After you choose an access and storage method, you can determine whether to validate your data. You validate XML data using a DTD. Using a DTD ensures that the XML document is valid and lets you perform structured searches on your XML data. The DTD is stored in the DTD repository.

Recommendation: Validate XML data with a DTD. To validate, you need to have a DTD in the XML Extender repository. To learn how to insert a DTD into the repository, see Storing a DTD in the DTD repository. The DTD requirements differ depending on whether you are composing or decomposing XML documents.

Important: Make the decision whether to validate XML data before inserting XML data into DB2. The XML Extender does not support the validation of data that has already been inserted into DB2.

Considerations:

The DAD file

For XML collections, the DAD file maps the structure of the XML document to the DB2 tables from which you either compose the document, or to where you decompose the document.

For example, if you have an element called <Tax> in your XML document, you might need to map <Tax> to a column called TAX. You define the relationship between the XML data and the relational data in the DAD.

The DAD file is specified either while enabling a collection, or when you use the DAD file in XML collection stored procedures. The DAD is an XML-formatted document, residing at the client. If you choose to validate XML documents with a DTD, the DAD file can be associated with that DTD. When used as the input parameter of the XML Extender stored procedures, the DAD file has a data type of CLOB.

To specify the XML collection access and storage method, you use the following tag in the DAD file:

<Xcollection>
Specifies that the XML data is either to be decomposed from XML documents into a collection of relational tables, or to be composed into XML documents from a collection of relational tables.

An XML collection is a virtual name for a set of relational tables that contains XML data. Applications can enable an XML collection of any user tables. These user tables can be existing tables of legacy business data or tables that the XML Extender recently created. You access XML collection data mainly through the stored procedures that the XML Extender provides.

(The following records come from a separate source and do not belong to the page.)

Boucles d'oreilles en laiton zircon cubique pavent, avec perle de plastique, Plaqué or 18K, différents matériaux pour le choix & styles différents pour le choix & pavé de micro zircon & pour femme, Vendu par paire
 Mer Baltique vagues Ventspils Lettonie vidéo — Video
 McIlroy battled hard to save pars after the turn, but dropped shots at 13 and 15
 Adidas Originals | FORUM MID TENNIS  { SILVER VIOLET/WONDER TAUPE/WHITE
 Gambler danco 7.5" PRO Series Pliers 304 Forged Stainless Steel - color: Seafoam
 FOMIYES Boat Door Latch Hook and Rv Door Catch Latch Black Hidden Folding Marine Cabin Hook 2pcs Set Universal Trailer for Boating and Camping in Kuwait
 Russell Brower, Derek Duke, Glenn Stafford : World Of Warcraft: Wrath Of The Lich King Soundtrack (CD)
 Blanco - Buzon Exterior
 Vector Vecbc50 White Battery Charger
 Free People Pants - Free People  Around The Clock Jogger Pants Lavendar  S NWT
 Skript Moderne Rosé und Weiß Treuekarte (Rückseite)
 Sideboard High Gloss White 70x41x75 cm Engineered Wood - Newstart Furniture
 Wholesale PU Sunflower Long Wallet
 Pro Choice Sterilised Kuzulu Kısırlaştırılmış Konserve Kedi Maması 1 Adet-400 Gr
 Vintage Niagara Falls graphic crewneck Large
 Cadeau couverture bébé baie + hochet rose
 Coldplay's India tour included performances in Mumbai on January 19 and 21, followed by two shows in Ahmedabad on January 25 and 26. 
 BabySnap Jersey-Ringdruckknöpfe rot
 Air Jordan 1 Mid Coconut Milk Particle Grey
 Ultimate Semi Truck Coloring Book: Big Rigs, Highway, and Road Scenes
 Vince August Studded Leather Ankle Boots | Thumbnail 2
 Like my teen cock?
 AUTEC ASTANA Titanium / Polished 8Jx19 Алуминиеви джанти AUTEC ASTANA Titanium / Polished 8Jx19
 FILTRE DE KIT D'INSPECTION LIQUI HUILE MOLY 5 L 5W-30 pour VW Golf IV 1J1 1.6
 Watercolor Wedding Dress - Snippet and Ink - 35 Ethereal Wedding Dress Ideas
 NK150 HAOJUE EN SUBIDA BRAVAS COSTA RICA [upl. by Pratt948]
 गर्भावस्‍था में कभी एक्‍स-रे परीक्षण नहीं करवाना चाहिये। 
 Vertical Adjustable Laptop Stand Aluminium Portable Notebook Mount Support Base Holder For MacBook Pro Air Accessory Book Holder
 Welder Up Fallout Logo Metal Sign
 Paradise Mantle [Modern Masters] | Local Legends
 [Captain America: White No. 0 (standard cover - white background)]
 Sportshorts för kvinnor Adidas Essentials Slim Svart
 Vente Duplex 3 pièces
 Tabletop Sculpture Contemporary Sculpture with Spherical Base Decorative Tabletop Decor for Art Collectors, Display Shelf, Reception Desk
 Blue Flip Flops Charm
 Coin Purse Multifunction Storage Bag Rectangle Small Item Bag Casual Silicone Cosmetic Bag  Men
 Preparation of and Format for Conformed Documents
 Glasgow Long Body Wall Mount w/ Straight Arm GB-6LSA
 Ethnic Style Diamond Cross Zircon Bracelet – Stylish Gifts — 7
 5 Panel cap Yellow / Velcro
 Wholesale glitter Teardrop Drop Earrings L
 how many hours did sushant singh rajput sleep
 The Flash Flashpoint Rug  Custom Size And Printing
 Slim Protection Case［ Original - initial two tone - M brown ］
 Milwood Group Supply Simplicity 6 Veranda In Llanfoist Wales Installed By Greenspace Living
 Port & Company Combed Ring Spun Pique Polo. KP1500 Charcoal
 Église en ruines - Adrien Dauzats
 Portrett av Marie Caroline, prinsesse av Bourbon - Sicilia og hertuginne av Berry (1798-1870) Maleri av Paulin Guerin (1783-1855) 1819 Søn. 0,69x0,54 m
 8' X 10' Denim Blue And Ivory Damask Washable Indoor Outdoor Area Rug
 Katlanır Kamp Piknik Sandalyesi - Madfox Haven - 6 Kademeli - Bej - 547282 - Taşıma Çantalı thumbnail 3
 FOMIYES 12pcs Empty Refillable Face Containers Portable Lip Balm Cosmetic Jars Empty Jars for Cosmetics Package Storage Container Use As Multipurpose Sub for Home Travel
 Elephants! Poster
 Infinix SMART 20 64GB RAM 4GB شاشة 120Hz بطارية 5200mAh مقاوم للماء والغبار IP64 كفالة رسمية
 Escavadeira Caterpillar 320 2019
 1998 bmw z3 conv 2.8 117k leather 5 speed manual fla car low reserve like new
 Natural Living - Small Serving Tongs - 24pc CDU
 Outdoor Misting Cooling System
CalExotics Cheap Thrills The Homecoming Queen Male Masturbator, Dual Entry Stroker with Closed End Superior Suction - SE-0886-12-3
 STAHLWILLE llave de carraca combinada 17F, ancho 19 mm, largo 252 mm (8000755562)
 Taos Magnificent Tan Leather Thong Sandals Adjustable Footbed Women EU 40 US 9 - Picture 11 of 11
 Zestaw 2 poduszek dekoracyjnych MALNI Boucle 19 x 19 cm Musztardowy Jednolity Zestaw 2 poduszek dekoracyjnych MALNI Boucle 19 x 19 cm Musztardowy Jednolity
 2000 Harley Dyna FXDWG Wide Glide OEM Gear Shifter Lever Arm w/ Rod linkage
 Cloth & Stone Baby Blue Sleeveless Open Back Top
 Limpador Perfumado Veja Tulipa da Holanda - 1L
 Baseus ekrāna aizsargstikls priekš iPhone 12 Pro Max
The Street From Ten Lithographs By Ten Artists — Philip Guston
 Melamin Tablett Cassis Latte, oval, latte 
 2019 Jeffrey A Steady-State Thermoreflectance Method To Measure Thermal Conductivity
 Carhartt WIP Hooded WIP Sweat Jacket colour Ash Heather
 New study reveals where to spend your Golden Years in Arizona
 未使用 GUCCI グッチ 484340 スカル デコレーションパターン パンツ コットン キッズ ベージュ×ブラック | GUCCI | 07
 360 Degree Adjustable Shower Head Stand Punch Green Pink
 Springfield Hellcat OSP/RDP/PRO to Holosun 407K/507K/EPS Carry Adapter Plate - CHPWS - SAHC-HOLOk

The DAD file defines the XML document tree structure, using the following kinds of nodes:

root_node
Specifies the root element of the document.

element_node
Identifies an element, while can be the root element or a child element.

text_node
Represents the CDATA text of an element.

attribute_node
Represents an attribute of an element.

Figure 10 shows a fragment of the mapping that is used in a DAD file. The nodes map the XML document content to table columns in a relational table.

Figure 10. Node definitions

<?xml version="1.0"?> 
<!DOCTYPE DAD SYSTEM "c:\dtd\dad.dtd"> 
<DAD> 
  ...
<Xcollection> 
<SQL_stmt> 
       ...
</SQL_stmt> 
<prolog>?xml version="1.0"?</prolog> 
<doctype>!DOCTYPE DAD SYSTEM "c:\dxx\sample\dtd\getstart.dtd"</doctype>
<root_node> 
   <element_node name="Order">         --> Identifies the element <Order>
     <attribute_node name="key">       --> Identifies the attribute "key" 
        <column name="order_key"/>     --> Defines the name of the column, "order_key", 
                                                to which the element and attribute are mapped
     </attribute_node> 
     <element_node name="Customer">    --> Identifies a child element of <Order> as 
                                                <Customer>
        <text_node>                    --> Specifies the CDATA text for the element 
                                                <Customer>
          <column name="customer">     --> Defines the name of the column, "customer", 
                                                to which the child element is mapped
        </text_node> 
     </element_node> 
        ...
   </element_node>
 
      ...
<root_node> 
</Xcollection>
</DAD>
 

In this example, the first two columns in the SQL statement have elements and attributes mapped to them.

You can use the XML Extender administration wizard or an editor to create and update the DAD file.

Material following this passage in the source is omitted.